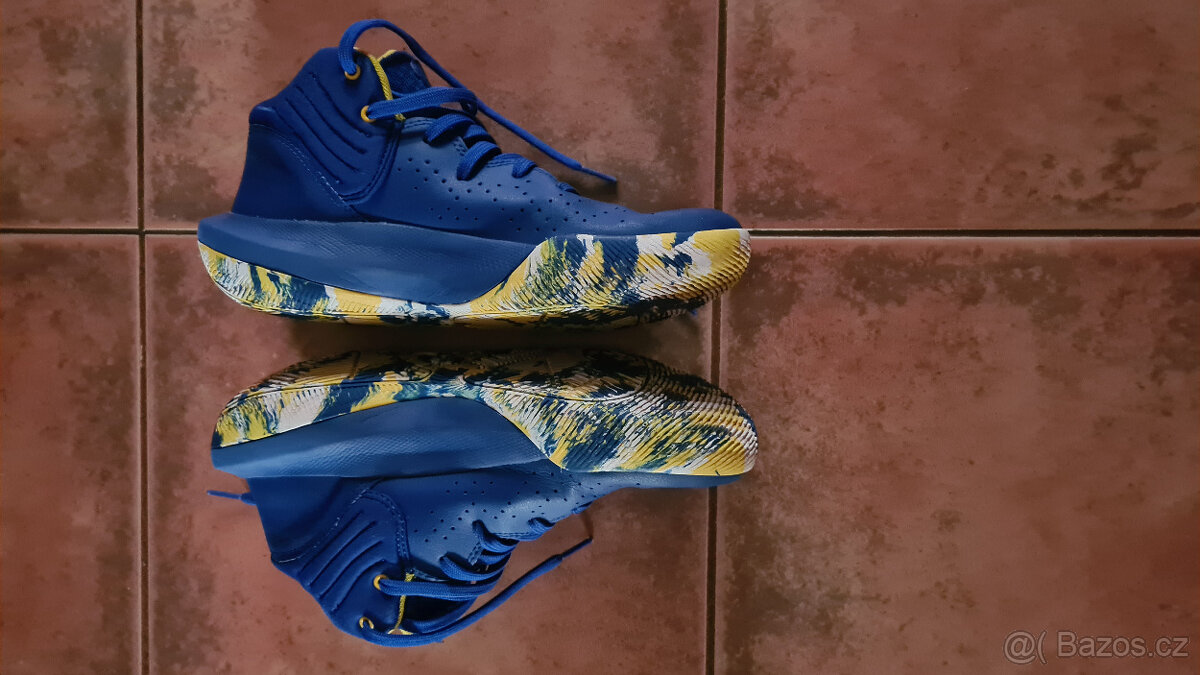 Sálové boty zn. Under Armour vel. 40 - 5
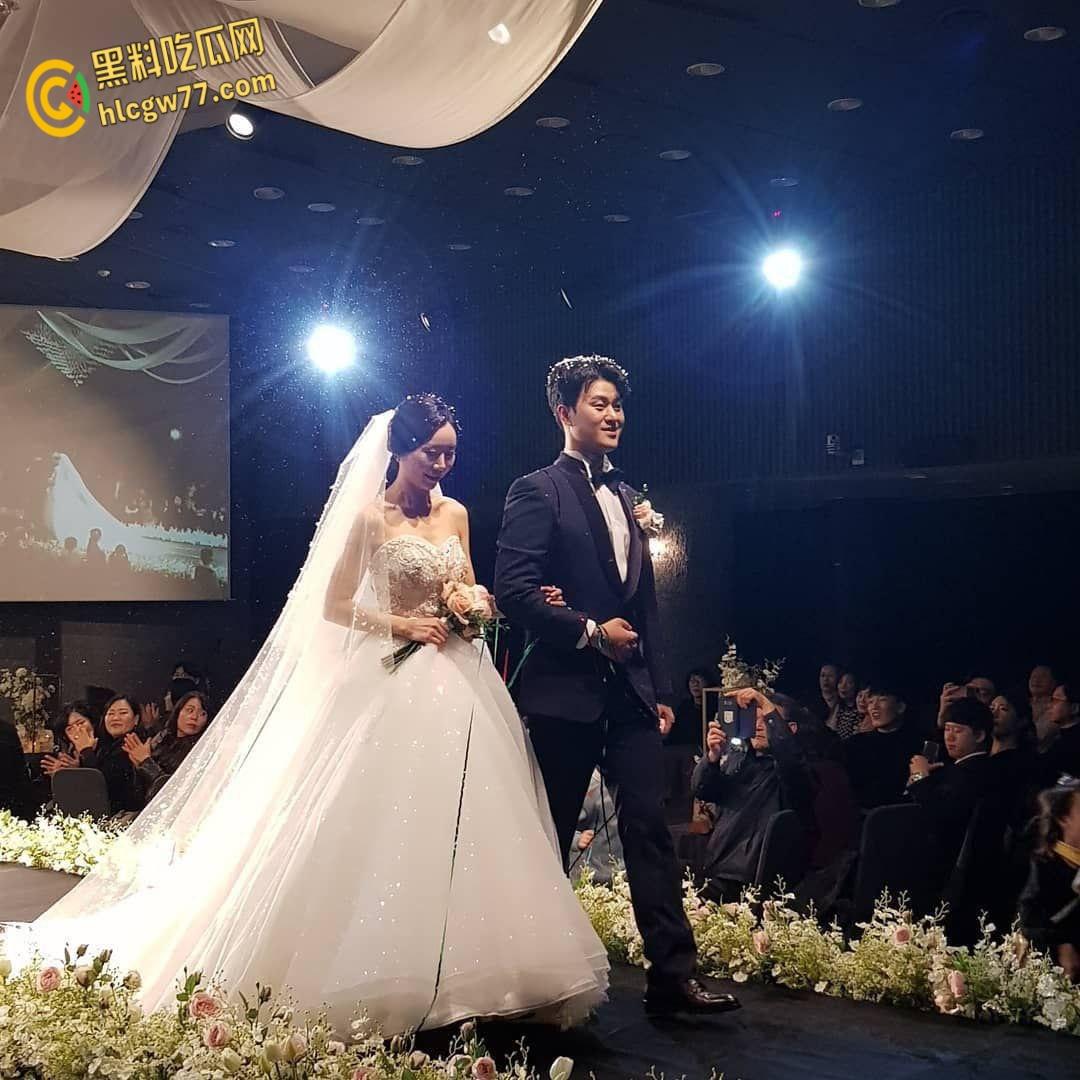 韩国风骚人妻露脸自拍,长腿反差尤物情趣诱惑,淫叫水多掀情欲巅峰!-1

--------

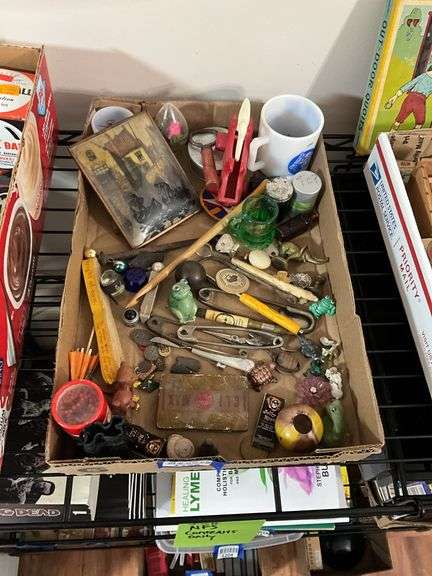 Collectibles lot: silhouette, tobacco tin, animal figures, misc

--------

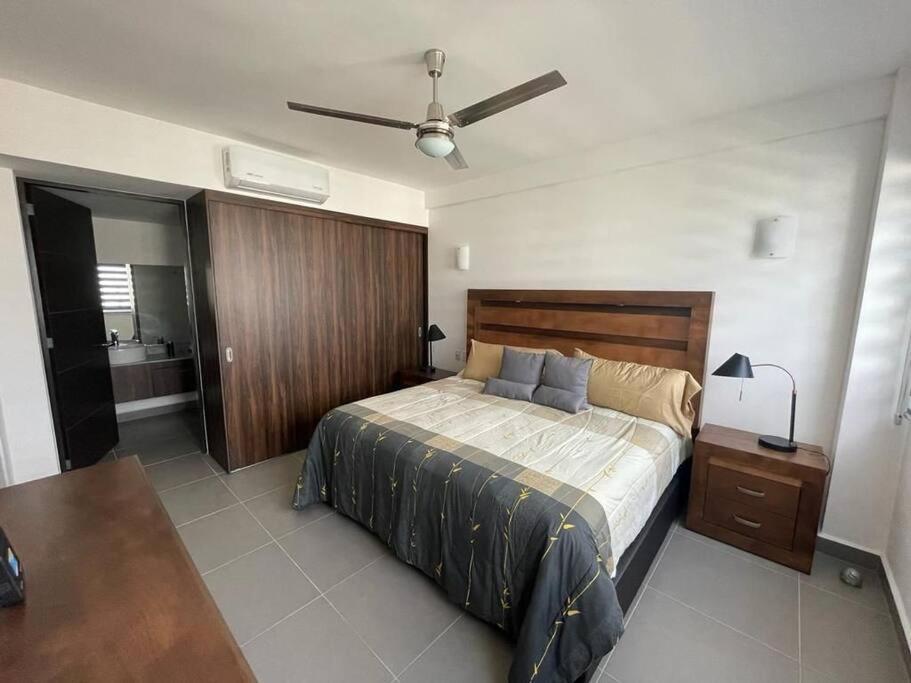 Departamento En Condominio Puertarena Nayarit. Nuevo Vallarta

--------

● **Task item**
The output is the stretch above from the line with "Sálové boty zn. Under Armour vel. 40 - 5" through the line with "韩国风骚人妻露脸自拍,长腿反差尤物情趣诱惑,淫叫水多掀情欲巅峰!-1", copied word for word with both ends kept and every picture dropped.

● **Answer for the task**
 Sálové boty zn. Under Armour vel. 40 - 5
 韩国风骚人妻露脸自拍,长腿反差尤物情趣诱惑,淫叫水多掀情欲巅峰!-1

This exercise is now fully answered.